The pope emeritus and his outlook
on the West and on Europe

by Archbishop Georg Gaenswein
Translated from

May 12, 2018

Before he became Pope, Joseph Ratzinger thought of himself as a German, but perhaps even more, as a Bavarian. Yet because of his family origins, as a child, he always looked towards Salzburg in Austria, having before his eyes the culture of the House of Hapsburg, especially because his maternal grandmother came from the South Tyrol (which is now part of Italy).

Crossing frontiers has characterized his life, with the constnat background of Catholicity’s infinite horizon. Therefore, from childhood, his political homeland was represented not by frontiers but by the West in its entirety, even in the days when the furies unleashed by totalitarianism risked precipitating our continent into the abyss.

So it was not surprising that early on, Europe became the political passion of the young scholar Joseph Ratzinger. Nor that the young Ratzinger was fascinated by Konrad Adenauer and by the poltiical resolve with which Germany’s first postwar Chancellor resisted all the flatteries and promises offered by the Soviet Union after the ‘break in civilization’ that German experienced under National Socialism, to anchor the new Federal Republic of Germany to the system of values inherent in Judaeo-Christian history and that of the Latin West.

Uniquely in this this history – as Joseph Ratzinger recognized early on – the God of Jacob was recognized not as a God who rages but above all, a God who loves his creatures, who does not force man to do as he should but to win him over. Only in such a cultural space could the unmatchable ‘Cbristian freedom’ have been discovered, developed and defended - a freedom spoken about 1500 years ago by St Columban who was inspired in his missionary work by the knowledge that «Si tollis libertatem, tollis dignitatem» - If you take away freedom, you take away dignity. Words that adorn the Chapel of St. Columban in the subterranean space of St. Peter’s Basilica, and the motto that guided that great 6th century Irish missionary.

In the Vatican grottoes under the papal altar, the Confessio that Bernini built over the tomb of the Prince of Apostles, the words of Columban have come to be an integral part of the foundations of the papacy itself.

It was the spirit in which the pilgrim Irish monks of the 6th century Christianized Western Europe, almost re-founding it in the midst of much internal migrations. A spirit that was persuasive to the young Joseph Ratzinger. And that is why the beautiful title of the book we are presenting today could almost be considered as a cantus firmus [a fixed song] in the life of Joseph Ratzinger/Benedict XVI.

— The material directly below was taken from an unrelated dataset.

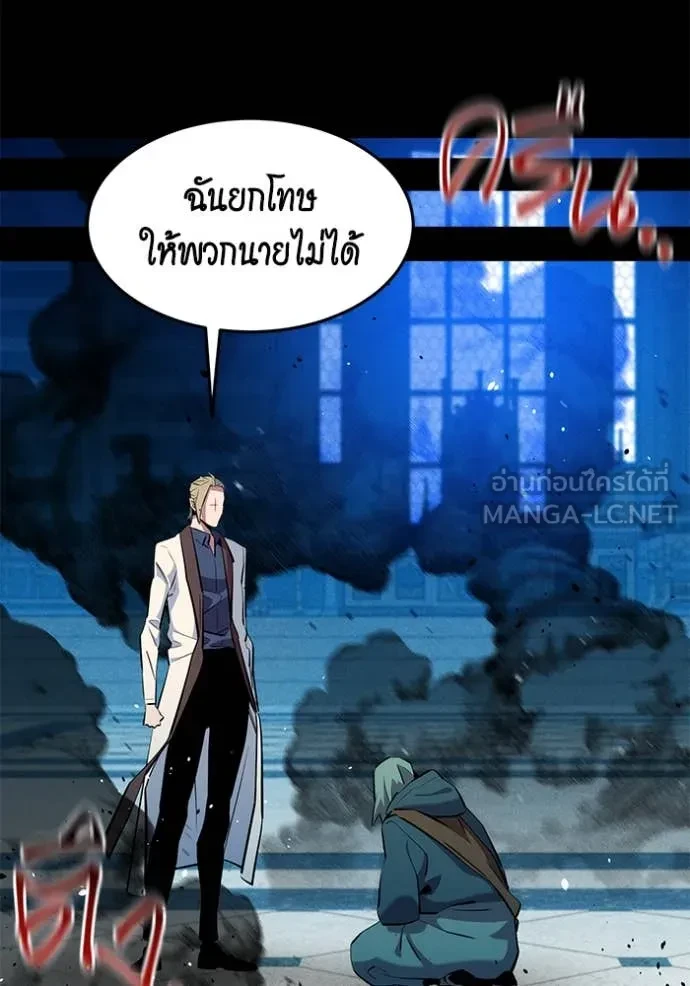 Auto Hunting With My Clones ตอนที่ 150 114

The pope who came from Germany matured as a man, thinker and professor in the postwar ‘Catholic epoch: a time when Erich Przywara, mentor of Josef Pieper, conceived his book "The idea of Europe” and when Konrad Adenauer, Robert Schuman and Alcide de Gasperi took the risk of undertaking to re-found Europe from its ruins, recovering the legacy of the Carolingian West. It was at this time that the young homo historicus Joseph Ratzinger, who was extremely educated and cultured early on, became a homo politicus.

His most political idea even then coincided with the theological concept that was most important to the young priest: the truth, which much later he would use in the motto for his archbishop’s coat of arms, expressing his desire to win over co-workers for the truth.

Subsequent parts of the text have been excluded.